India Energy Week showcases India’s achievement as an engine of global economic growth
In an exclusive interview with Energy Connects, His Excellency Hardeep Singh Puri, Minister of Petroleum and Natural Gas, and Housing and Urban Affairs, Government of India, outlines how India Energy Week 2023 engages the industry in answering its most pressing questions
India is at the heart of the global dialogue on the future of energy as industry leaders from the integrated energy value chain, finance, government, think tanks and academia from around the world convene in Bengaluru today for the first day of India Energy Week 2023.
Held under the patronage of India’s Ministry of Petroleum and Natural Gas, the inaugural edition of India Energy Week comes during a year in which India holds the Presidency of the G20, the Shanghai Cooperation Organisation (SCO) and the 13th Assembly of the International Renewable Energy Agency (IRENA). India Energy Week is the only and all-encompassing international energy event supported at the highest level of Indian government, with participation from all the Public Sector Undertakings (PSUs), and supported by the Federation of Indian Petroleum Industry (FIPI).
In an exclusive interview with India Energy Week News, His Excellency Shri Hardeep Singh Puri, Honourable Minister of Petroleum and Natural Gas, and Housing and Urban Affairs, Government of India, shares his thoughts on how the flagship energy event will engage the industry in answering the most pressing questions in a rapidly changing global energy landscape, and address the challenges and opportunities presented by the energy transition that balances security, affordability, access and sustainability.

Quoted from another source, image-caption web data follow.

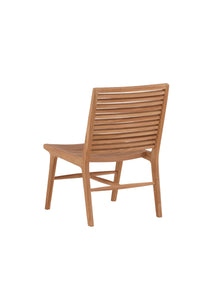 Ribbon Loungestol 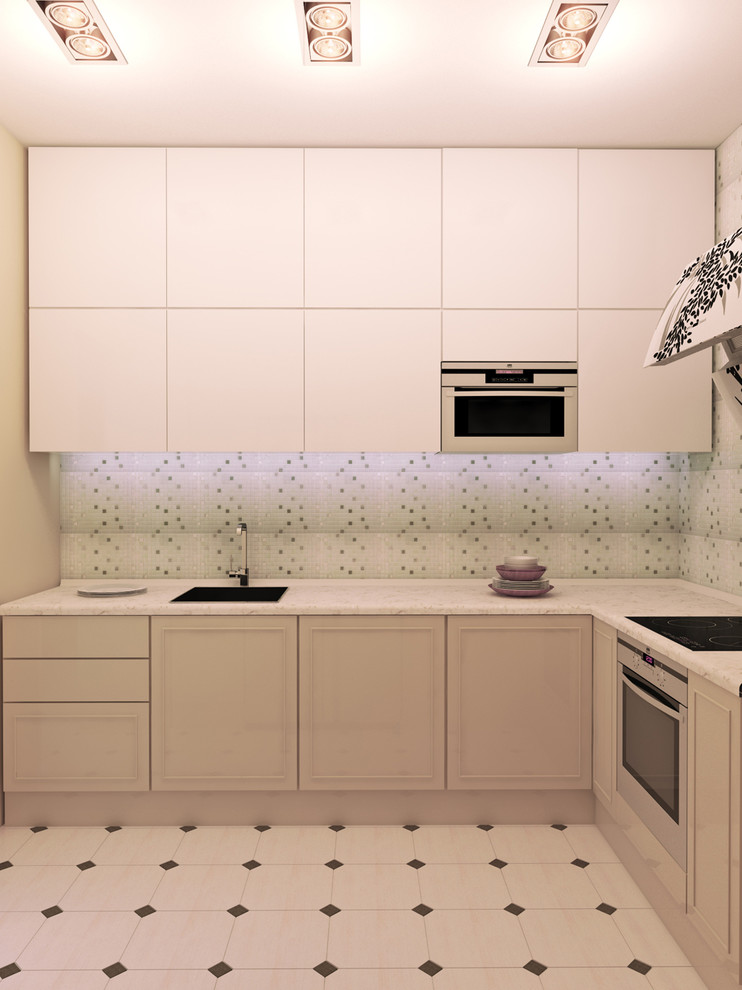 Квартира в Москве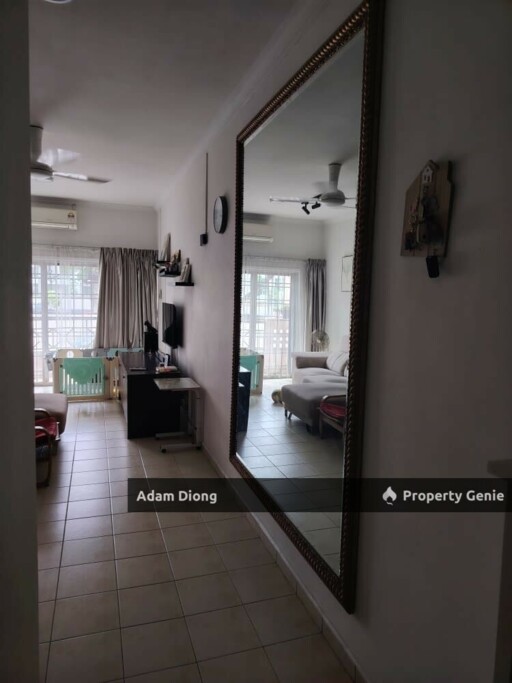 Prima Regency Apartment Plentong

Your Excellency, what is the significance of India Energy Week being held during the year of India’s G20 Presidency?
The inaugural edition of India Energy Week follows Honourable Prime Minister Shri Narendra Modi’s pledge at COP26, to cut India’s emissions to net zero by 2070. As the first major event under India’s G20 Presidency, India Energy Week showcases India as a global powerhouse for energy transition.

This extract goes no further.